Franzoni Ivan, Guénée Laure, Mazet Clément
University of Geneva, Department of Organic Chemistry, 30 quai Ernest Ansermet, 1211 Geneva-4, Switzerland.
Org Biomol Chem. 2015 Jun 14;13(22):6338-43. doi: 10.1039/c5ob00702j.

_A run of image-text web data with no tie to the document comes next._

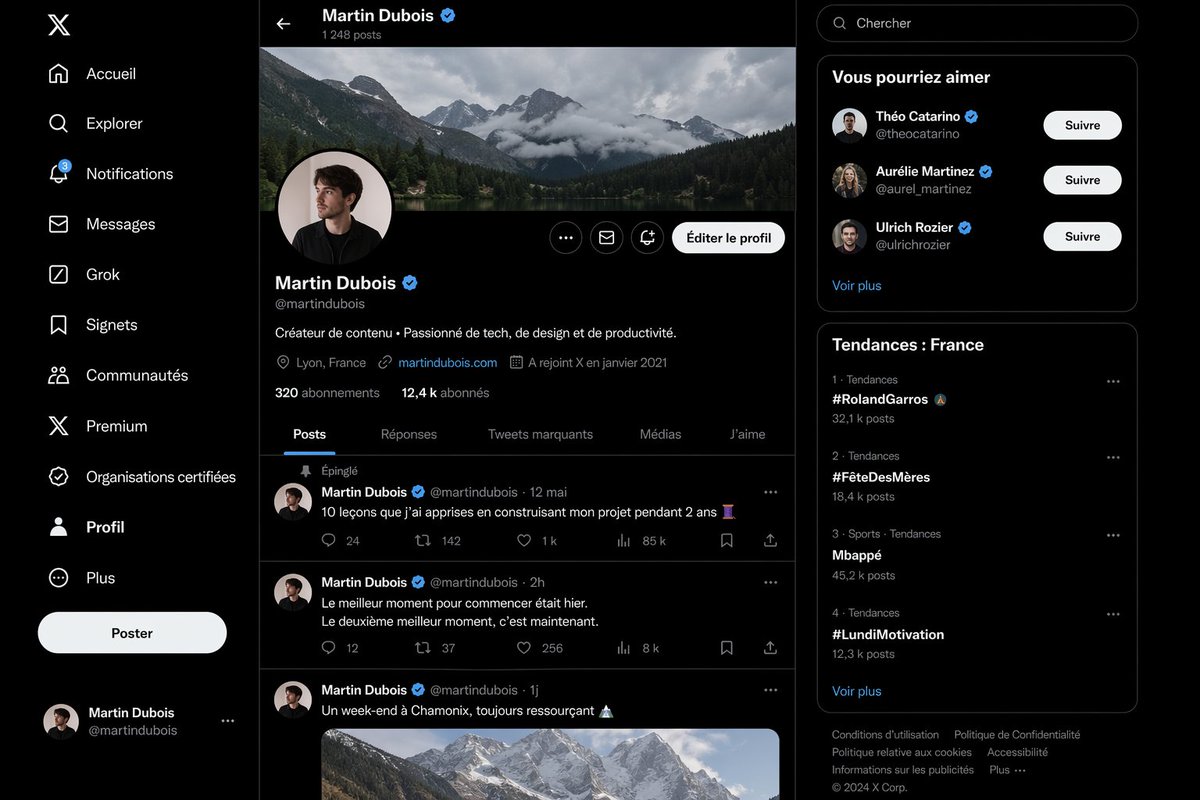 产品视觉 GPT Image 2 提示词：Realistic X Profile Page Mockup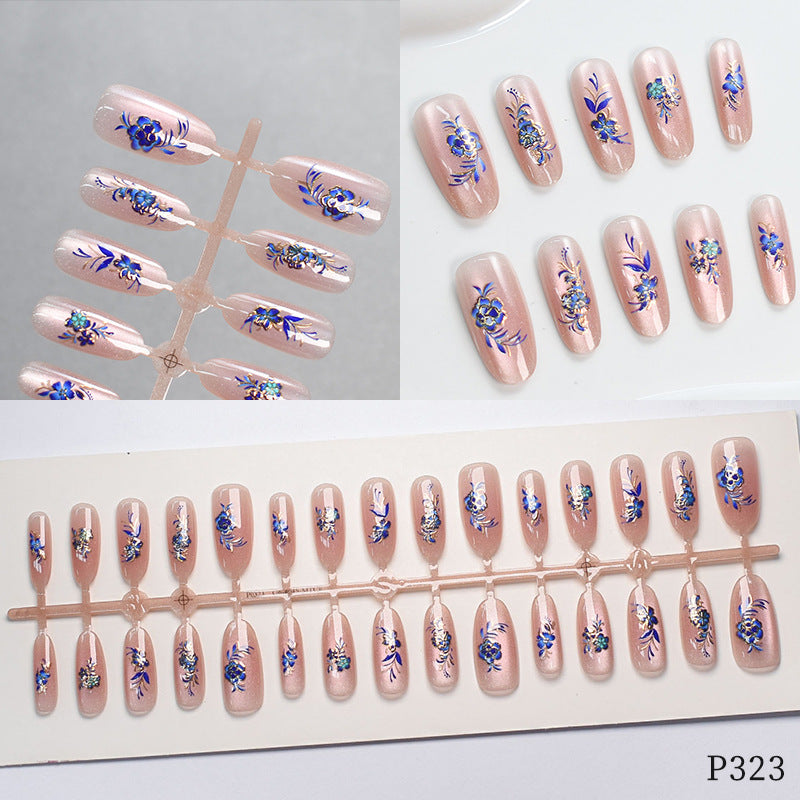 Blumenmuster Press-On Nagelspitzen Karnz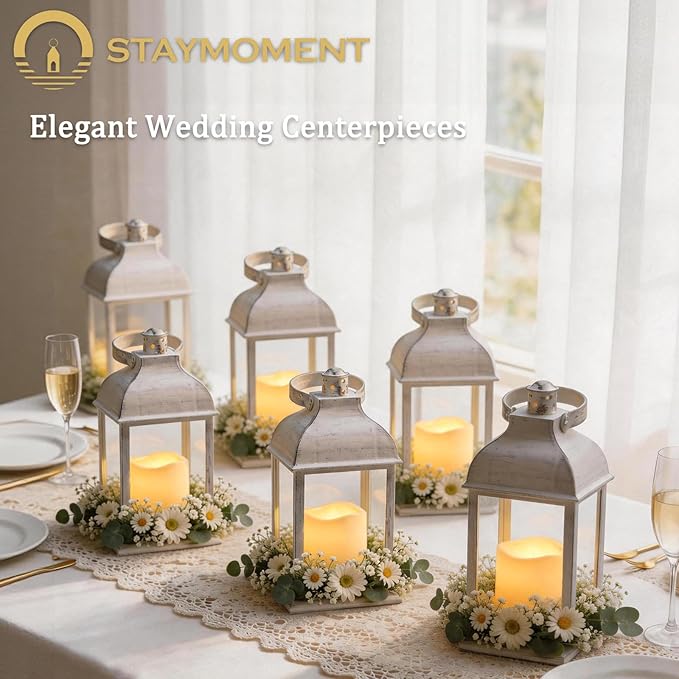 Wedding Decor White Lanterns: 6 Pcs LED Flameless Decorative Indoor Outdoor Farmhouse Candle Holder Bulk for Tables Centerpieces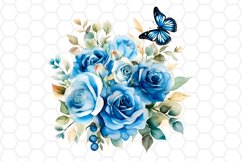 Watercolor Blue Rose and Butterfly Clipart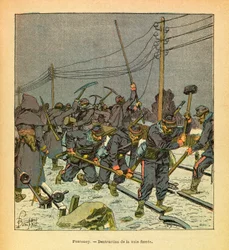 Eugene Sergeant keleti hadereje, Grenest néven, Louis Bombled (1862-1927) illusztrálásával (francia-német háború; hadjárat 1870-1871): Fontenoy, a vasút megsemmisítése, Magángyűjtemény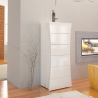 Commode de chambre et salon 6 tiroirs blanc brillant Arco Septet Promotion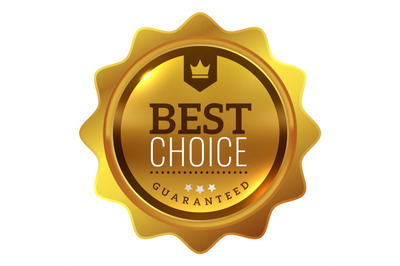 Best choice award label. Golden quality mark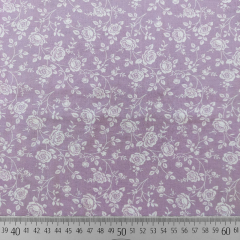 Viskosestoff Popelin Blusenstoff Rosen Blumen, wei flieder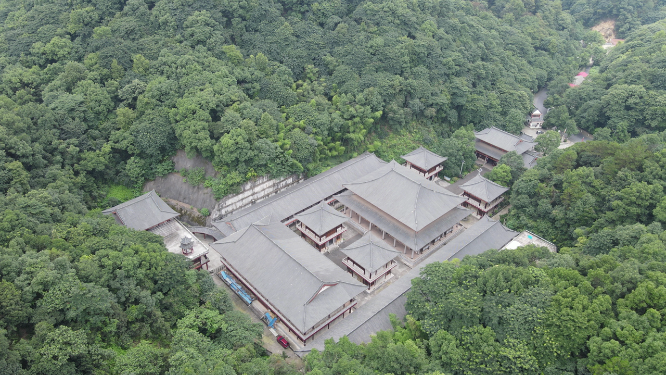 旅游景区湖南益阳栖霞寺航拍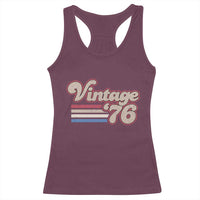 Vintage 50th Birthday Racerback Tank Top Retro 1976 50 Year Old Stripes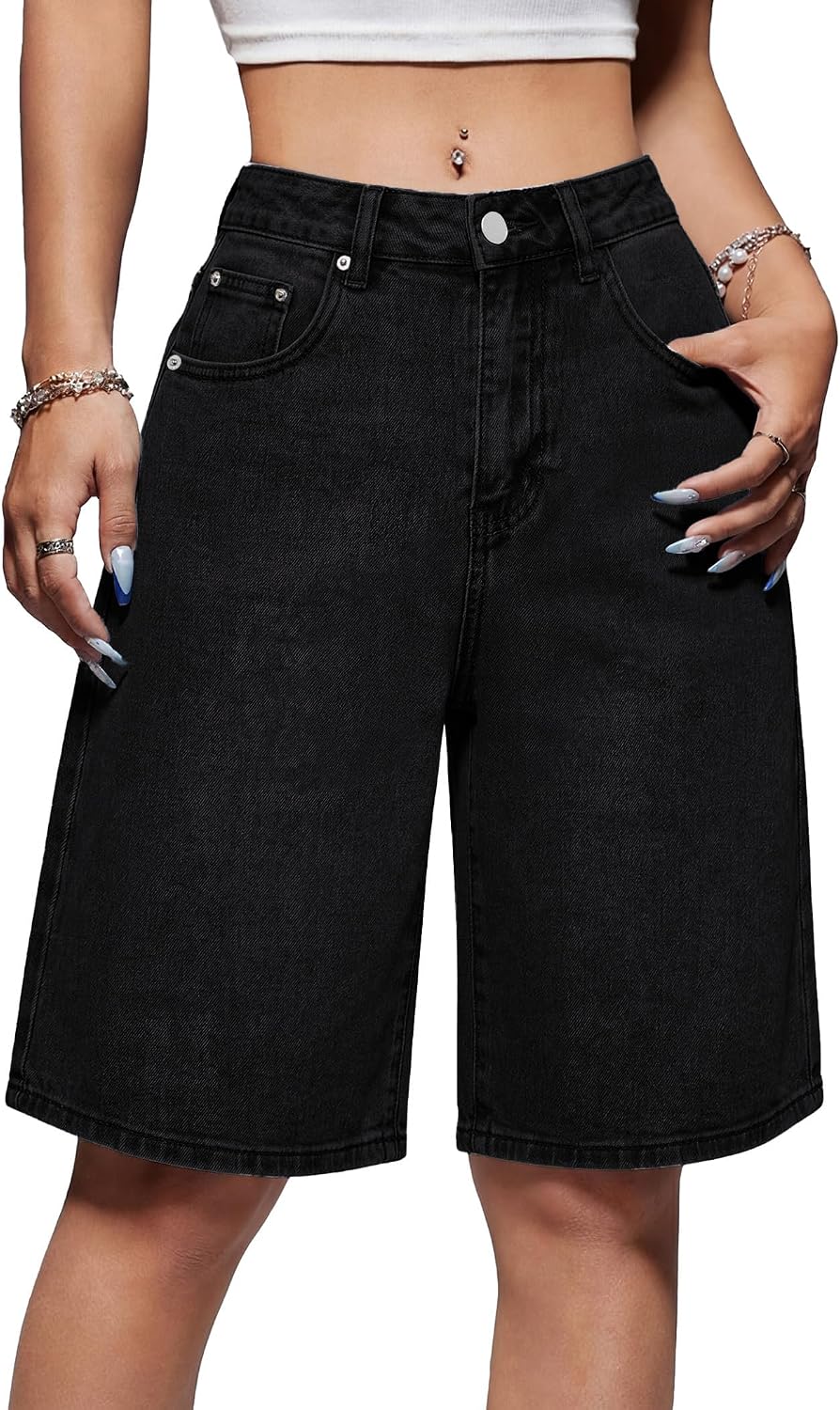 Women Jorts Baggy Jean Shorts Low Rise Long Bermuda Denim Shorts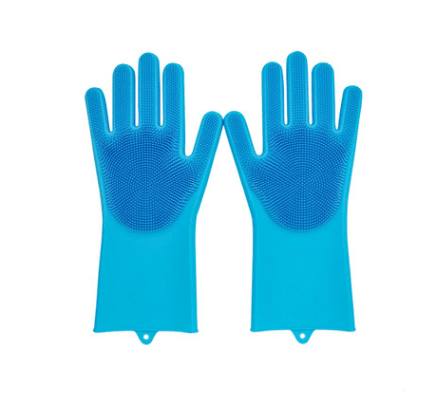 Silicone Heat-resistant Cleaning Brush Scrubbing Gloves - Mubimart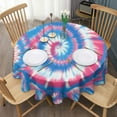 thumbnail image 3 of Colorful Tie Dye Pattern Round Tablecloth 60"x60",Wrinkle Wipeable Table Cloth for Kitchen Dining Room Picnic Patio Party, 3 of 6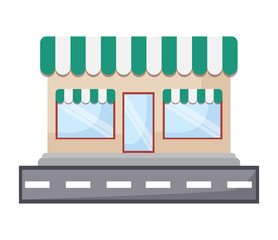 shop icon over white background, colorful design. vector illustration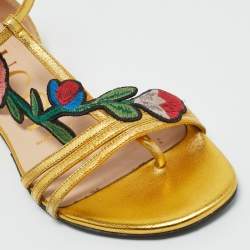 Pre Owned Gucci Gold Leather Ophelia Floral Embroidered Flat Sandals Size 34.5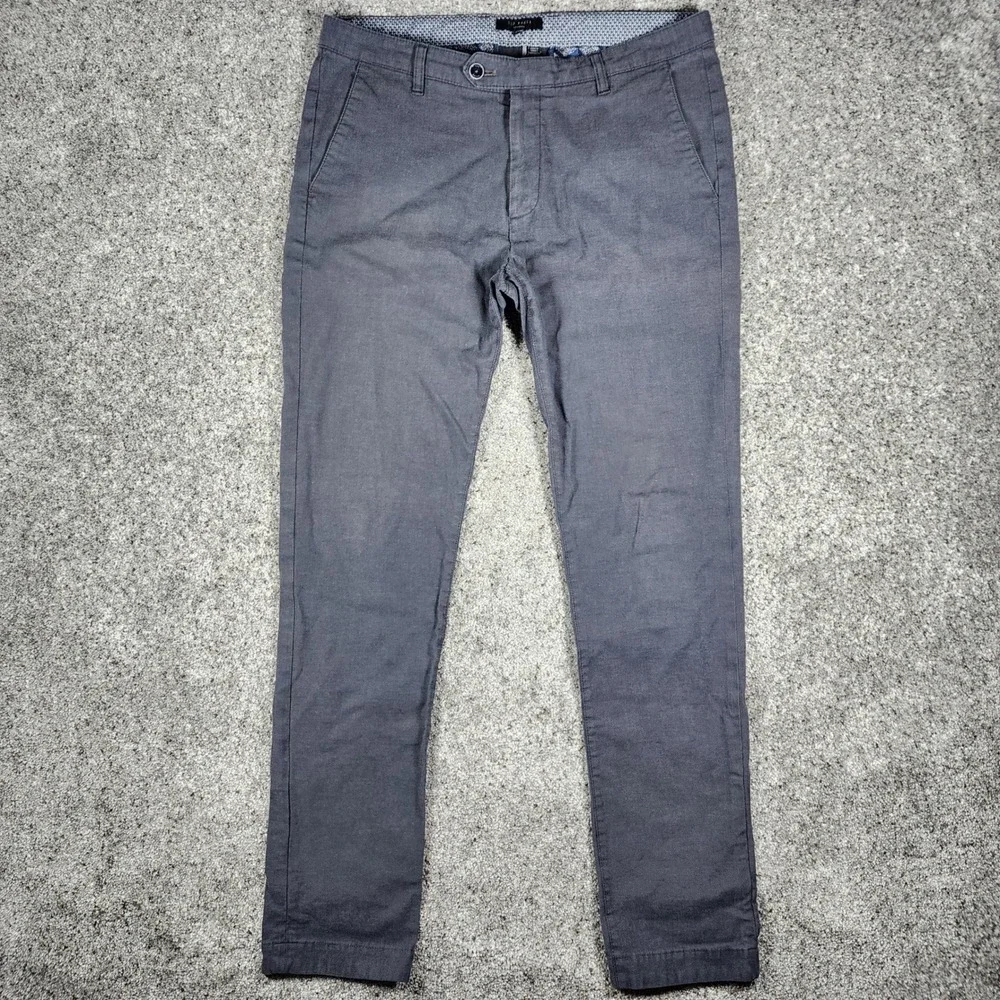 Ted Baker Chino Pants Mens 34L Slim Fit Micro Pattern Charcoal Grey Like New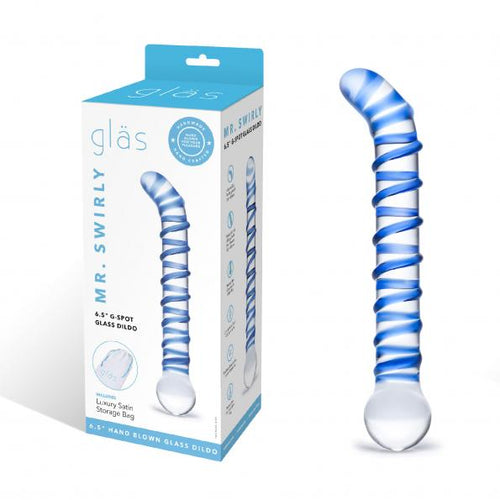 GLAS MR. SWIRLY 6.5 G-SPOT GLASS DILDO " - ELGLAS144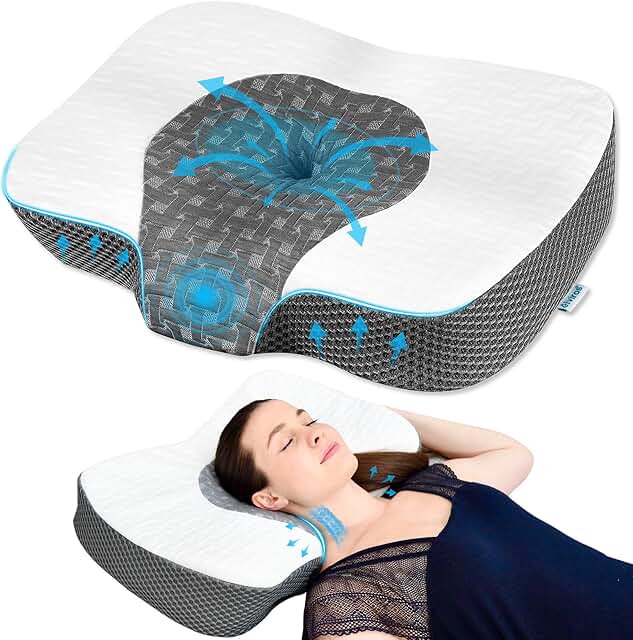 Elviros Cervical Neck Pillow for Neck and Shoulder Relief, Ergonomic Mem...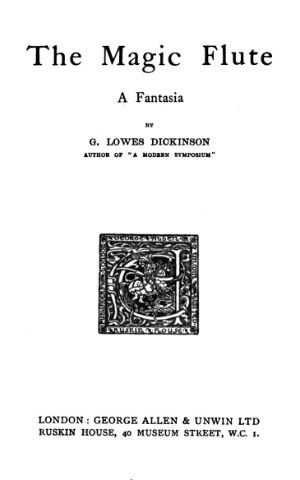 Title page of Dickinson's The Magic Flute: A Fantasia.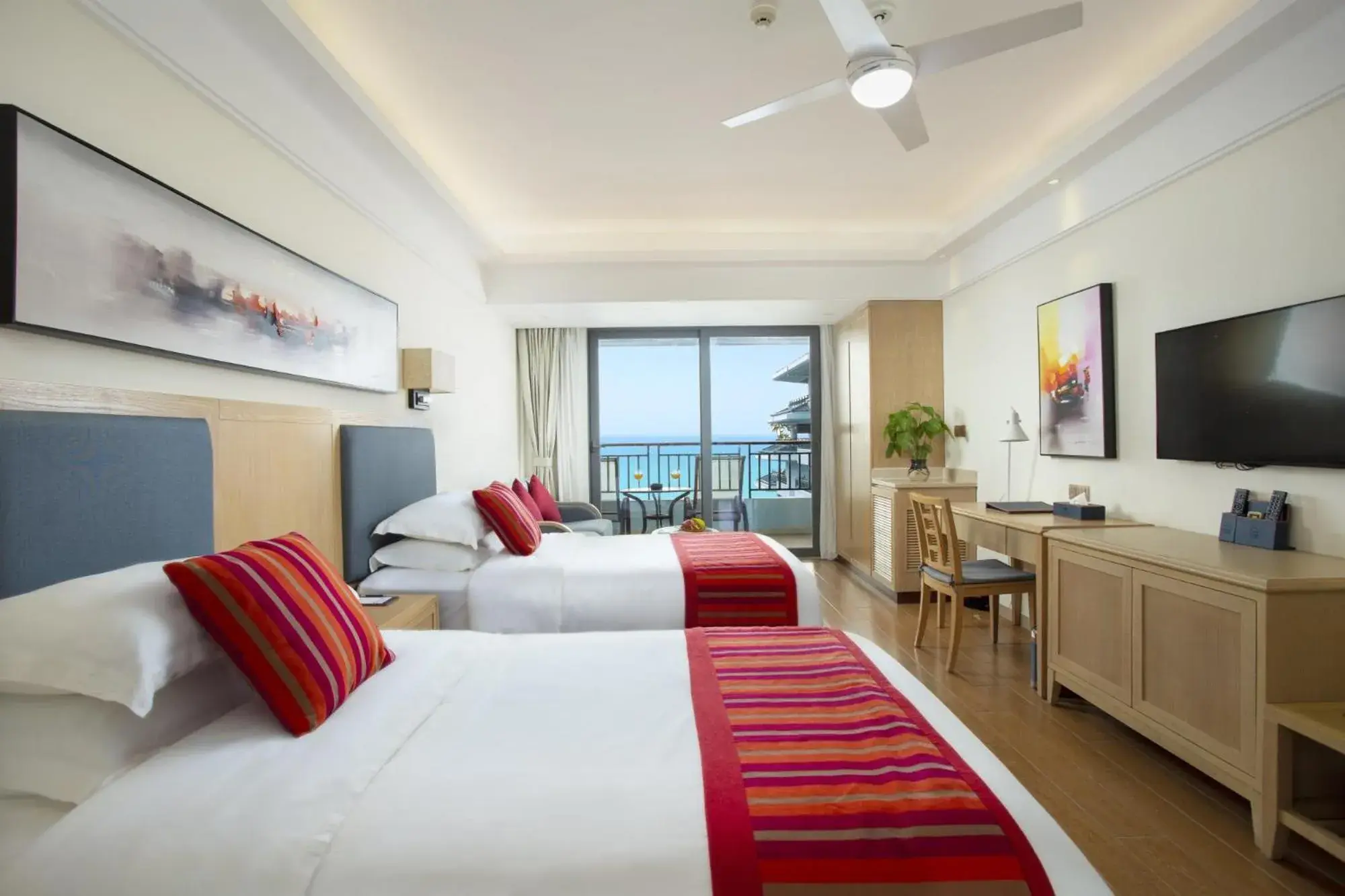 Deluxe Twin Room with Sea View in Tianze Beach Resort Deluxe Twin Room with Sea View in Tianze Beach Resort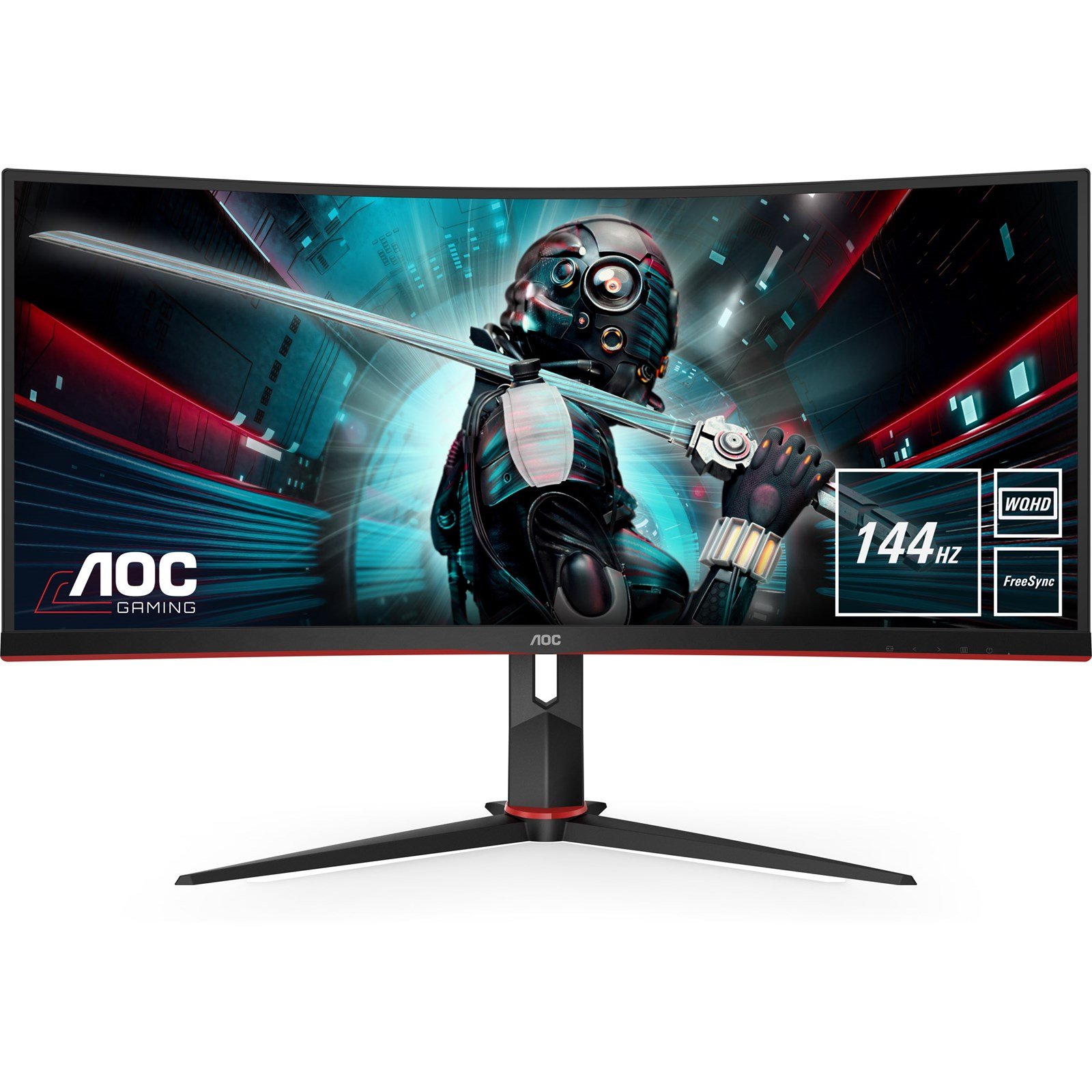 aoc cu34g2x bk 34 uwqhd freesync 144hz curved gaming monitor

A palladium-catalyzed benzylation of α-branched aldehydes has been developed using benzyl methyl carbonates. The method gives access to congested quaternary centers in the vicinity of one of the most sensitive carbonyl functionalities and displays unprecedented generality with respect to both coupling partners. Evidence for the direct involvement of a Pd-η(3)-benzyl intermediate is provided. Extension of this strategy to the γ-benzylation of α,β-unsaturated aldehydes is further demonstrated.
已开发出一种使用碳酸苄基甲酯的钯催化α-支链醛的苄基化反应。该方法能够在最敏感的羰基官能团之一附近构建拥挤的季碳中心,并且对两种偶联伙伴均显示出前所未有的通用性。提供了Pd-η(3)-苄基中间体直接参与反应的证据。进一步证明了该策略扩展至α,β-不饱和醛的γ-苄基化反应。